Note: the Postgres backend also benefits from these new features through the use of transactions, using commit and rollback to deal with success/failure cases.

The new design is now much simpler than the initial one:

Segment Orchestration post 2.2 design

Segments are now filtered on those that have no replica locked to avoid wasting energy in trying to lock them and the pending compactions check also happens before any locking.

This reduces the number of LWTs by four in the simplest cases and we expect more challenging repairs to benefit from even more reductions:

LWT improvements

At the same time, repair duration on a 9-node cluster showed 15%-20% improvements thanks to the more efficient segment selection.

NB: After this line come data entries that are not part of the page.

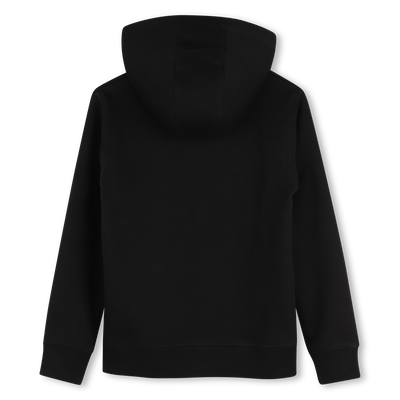 Sudadera con capucha HUGO NI&Ntilde;O
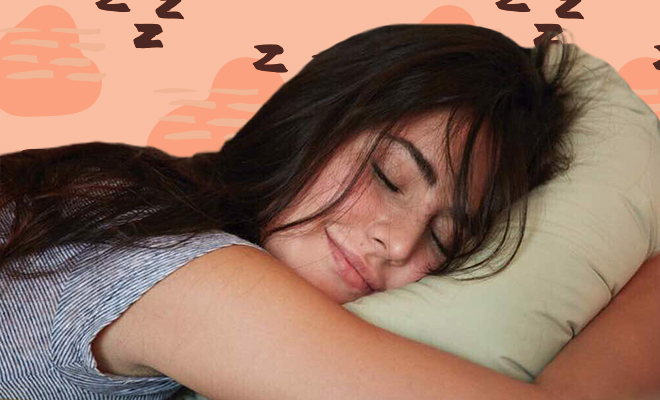 There’s A Reason It’s Called Beauty Sleep! It Has So Many Skincare Benefits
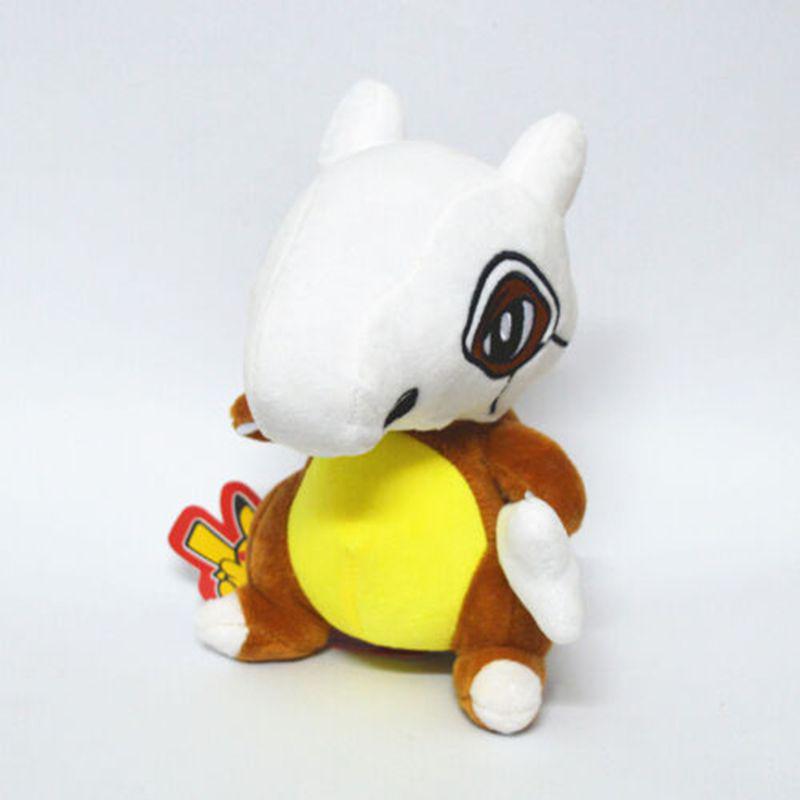 Go Eevee Pikachu Squirtle Plush Stuffed Toy Gifts Figure Version Tv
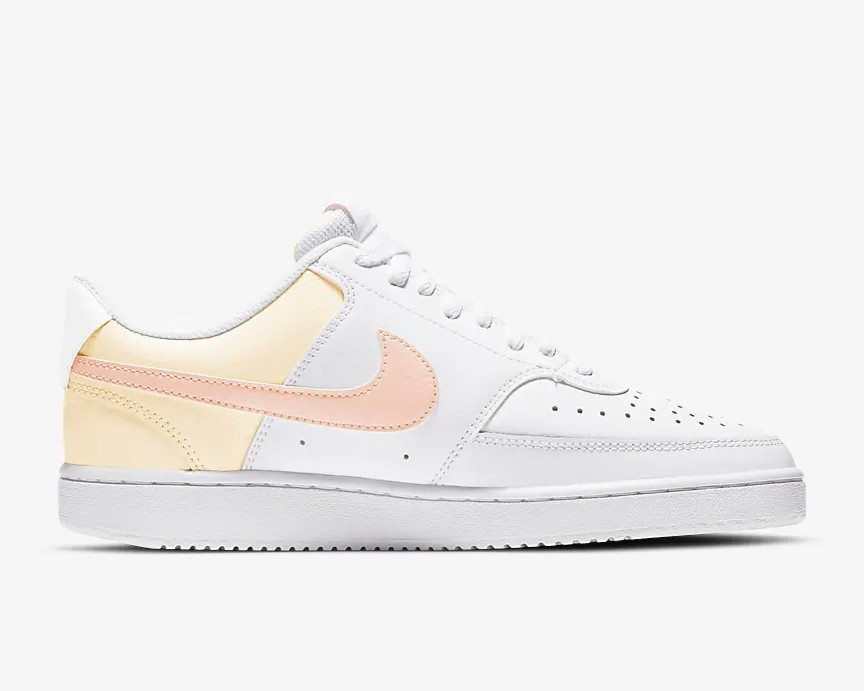wmns court vision low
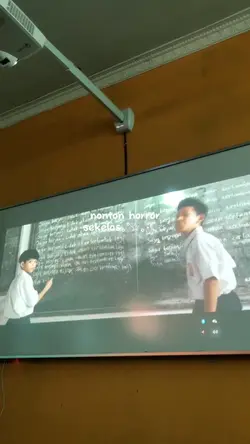 nobar sekelas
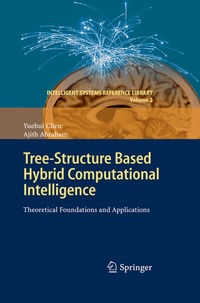 Enlarge image Cover: Tree-Structure based Hybrid Computational Intelligence - Springer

One prerequisite to make that design efficient was to store the replicas for each segment in the database when the repair run is created. You can now see which nodes are involved for each segment and which datacenter they belong to in the Segments view:

Segments view

Concurrent repairs

Using the repair id as the partition key for the node leader election table gives us another feature that was long awaited: Concurrent repairs.
A node could be locked by different Reaper instances for different repair runs, allowing several repairs to run concurrently on each node. In order to control the level of concurrency, a new setting was introduced in Reaper: maxParallelRepairs
By default it is set to 2 and should be tuned carefully as heavy concurrent repairs could have a negative impact on clusters performance.
If you have small keyspaces that need to be repaired on a regular basis, they won’t be blocked by large keyspaces anymore.

Future upgrades

As some of you are probably aware, JFrog has decided to sunset Bintray and JCenter. Bintray is our main distribution medium and we will be working on replacement repositories. The 2.2.0 release is unaffected by this change but future upgrades could require an update to yum/apt repos. The documentation will be updated accordingly in due time.

Upgrade now

We encourage all Reaper users to upgrade to 2.2.0. It was tested successfully by some of our customers which had issues with LWT pressure and blocking repairs. This version is expected to make repairs faster and more lightweight on the Cassandra backend. We were able to remove a lot of legacy code and design which were fit to single token clusters, but failed at spreading segments efficiently for clusters using vnodes.

The binaries for Reaper 2.2.0 are available from yum, apt-get, Maven Central, Docker Hub, and are also downloadable as tarball packages. Remember to backup your database before starting the upgrade.

All instructions to download, install, configure, and use Reaper 2.2.0 are available on the Reaper website.